Data items:
※ ※ ※
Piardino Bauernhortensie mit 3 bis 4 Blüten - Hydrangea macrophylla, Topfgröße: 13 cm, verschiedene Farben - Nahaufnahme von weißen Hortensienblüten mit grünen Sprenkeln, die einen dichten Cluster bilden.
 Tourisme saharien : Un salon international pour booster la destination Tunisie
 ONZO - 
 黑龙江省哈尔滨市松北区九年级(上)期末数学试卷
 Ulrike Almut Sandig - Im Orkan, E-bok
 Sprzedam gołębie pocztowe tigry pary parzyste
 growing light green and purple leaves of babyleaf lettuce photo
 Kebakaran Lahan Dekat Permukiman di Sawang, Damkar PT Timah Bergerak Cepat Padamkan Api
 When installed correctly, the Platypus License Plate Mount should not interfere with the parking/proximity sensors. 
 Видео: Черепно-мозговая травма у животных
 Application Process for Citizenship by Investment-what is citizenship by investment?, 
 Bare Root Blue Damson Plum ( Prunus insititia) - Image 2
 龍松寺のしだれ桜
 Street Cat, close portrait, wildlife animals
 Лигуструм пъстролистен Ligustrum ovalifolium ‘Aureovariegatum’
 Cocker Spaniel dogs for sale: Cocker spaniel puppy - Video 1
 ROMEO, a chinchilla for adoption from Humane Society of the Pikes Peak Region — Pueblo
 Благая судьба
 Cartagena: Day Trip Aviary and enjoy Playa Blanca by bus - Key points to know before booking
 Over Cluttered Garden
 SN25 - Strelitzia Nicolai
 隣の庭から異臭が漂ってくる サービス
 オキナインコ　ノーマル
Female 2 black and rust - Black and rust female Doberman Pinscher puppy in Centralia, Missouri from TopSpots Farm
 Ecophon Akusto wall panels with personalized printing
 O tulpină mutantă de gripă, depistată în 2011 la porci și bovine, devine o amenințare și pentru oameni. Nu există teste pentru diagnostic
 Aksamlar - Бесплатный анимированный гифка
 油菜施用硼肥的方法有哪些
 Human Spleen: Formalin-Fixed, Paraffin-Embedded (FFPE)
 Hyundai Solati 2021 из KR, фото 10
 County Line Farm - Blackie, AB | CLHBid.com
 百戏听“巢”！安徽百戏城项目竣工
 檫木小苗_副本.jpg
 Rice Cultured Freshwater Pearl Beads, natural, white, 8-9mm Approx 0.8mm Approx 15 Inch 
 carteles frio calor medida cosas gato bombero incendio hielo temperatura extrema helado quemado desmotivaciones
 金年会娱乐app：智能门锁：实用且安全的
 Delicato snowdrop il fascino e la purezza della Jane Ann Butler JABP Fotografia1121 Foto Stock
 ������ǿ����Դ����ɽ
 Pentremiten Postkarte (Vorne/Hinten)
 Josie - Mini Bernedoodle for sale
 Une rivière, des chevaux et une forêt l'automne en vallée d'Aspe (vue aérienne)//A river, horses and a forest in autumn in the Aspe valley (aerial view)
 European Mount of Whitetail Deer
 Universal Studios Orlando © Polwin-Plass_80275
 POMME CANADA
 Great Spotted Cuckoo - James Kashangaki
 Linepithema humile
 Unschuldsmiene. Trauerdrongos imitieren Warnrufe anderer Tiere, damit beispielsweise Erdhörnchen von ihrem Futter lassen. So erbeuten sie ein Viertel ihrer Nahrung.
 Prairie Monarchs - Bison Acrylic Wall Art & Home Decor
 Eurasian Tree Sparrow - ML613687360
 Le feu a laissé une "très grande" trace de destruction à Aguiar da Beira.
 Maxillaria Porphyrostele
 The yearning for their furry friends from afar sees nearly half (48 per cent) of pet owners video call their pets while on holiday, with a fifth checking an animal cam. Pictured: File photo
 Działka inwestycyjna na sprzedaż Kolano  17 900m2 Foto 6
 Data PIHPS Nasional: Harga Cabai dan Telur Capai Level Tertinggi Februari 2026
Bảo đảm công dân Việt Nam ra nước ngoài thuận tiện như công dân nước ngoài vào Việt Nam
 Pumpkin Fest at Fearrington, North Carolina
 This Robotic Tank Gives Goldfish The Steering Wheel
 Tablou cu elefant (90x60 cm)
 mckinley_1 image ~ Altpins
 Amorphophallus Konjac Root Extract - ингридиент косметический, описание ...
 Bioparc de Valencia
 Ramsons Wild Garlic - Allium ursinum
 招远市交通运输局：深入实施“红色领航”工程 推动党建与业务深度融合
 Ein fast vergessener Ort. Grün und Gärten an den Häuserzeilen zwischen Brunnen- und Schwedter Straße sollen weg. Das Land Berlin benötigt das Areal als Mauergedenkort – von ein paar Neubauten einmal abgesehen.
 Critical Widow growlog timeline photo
※ ※ ※
Required work: Return only those lines of the records that contain the string "sale".

Answer section:
 Cocker Spaniel dogs for sale: Cocker spaniel puppy - Video 1
 Josie - Mini Bernedoodle for sale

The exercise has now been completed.